:: YOUR TASK ::
Show all lines from the material that carry the word "with".

>>

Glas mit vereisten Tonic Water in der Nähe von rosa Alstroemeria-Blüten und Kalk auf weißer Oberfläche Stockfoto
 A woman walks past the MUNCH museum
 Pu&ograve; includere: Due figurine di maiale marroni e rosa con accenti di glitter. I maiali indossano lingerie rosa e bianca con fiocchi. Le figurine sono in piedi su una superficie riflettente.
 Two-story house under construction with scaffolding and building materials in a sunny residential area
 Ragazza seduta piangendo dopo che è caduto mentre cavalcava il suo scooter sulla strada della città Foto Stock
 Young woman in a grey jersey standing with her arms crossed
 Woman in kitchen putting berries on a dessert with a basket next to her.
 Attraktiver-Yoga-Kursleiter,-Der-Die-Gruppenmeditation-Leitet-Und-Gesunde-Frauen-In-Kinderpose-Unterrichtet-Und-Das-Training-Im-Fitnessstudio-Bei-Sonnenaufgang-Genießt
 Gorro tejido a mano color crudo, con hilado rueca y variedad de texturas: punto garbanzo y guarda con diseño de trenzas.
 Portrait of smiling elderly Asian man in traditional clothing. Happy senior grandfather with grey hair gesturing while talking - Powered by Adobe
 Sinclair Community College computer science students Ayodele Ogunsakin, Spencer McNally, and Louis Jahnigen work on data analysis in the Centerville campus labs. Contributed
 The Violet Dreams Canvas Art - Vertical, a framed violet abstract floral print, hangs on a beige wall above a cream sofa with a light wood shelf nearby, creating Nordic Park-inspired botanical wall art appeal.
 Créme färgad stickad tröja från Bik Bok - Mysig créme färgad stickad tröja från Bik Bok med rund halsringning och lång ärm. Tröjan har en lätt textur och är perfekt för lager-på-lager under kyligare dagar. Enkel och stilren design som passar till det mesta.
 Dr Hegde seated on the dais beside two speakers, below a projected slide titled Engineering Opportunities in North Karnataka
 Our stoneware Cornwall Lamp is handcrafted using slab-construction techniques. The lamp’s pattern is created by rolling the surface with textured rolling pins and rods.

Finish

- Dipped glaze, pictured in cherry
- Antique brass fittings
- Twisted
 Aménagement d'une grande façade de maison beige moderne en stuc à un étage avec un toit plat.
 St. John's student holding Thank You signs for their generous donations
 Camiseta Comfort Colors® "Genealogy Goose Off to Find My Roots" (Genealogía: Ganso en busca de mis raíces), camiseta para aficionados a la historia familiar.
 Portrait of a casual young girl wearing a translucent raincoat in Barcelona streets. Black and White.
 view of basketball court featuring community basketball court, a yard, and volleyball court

<<

:: RESPONSE BELOW ::
 Two-story house under construction with scaffolding and building materials in a sunny residential area
 Young woman in a grey jersey standing with her arms crossed
 Woman in kitchen putting berries on a dessert with a basket next to her.
 Portrait of smiling elderly Asian man in traditional clothing. Happy senior grandfather with grey hair gesturing while talking - Powered by Adobe
 The Violet Dreams Canvas Art - Vertical, a framed violet abstract floral print, hangs on a beige wall above a cream sofa with a light wood shelf nearby, creating Nordic Park-inspired botanical wall art appeal.
 Our stoneware Cornwall Lamp is handcrafted using slab-construction techniques. The lamp’s pattern is created by rolling the surface with textured rolling pins and rods.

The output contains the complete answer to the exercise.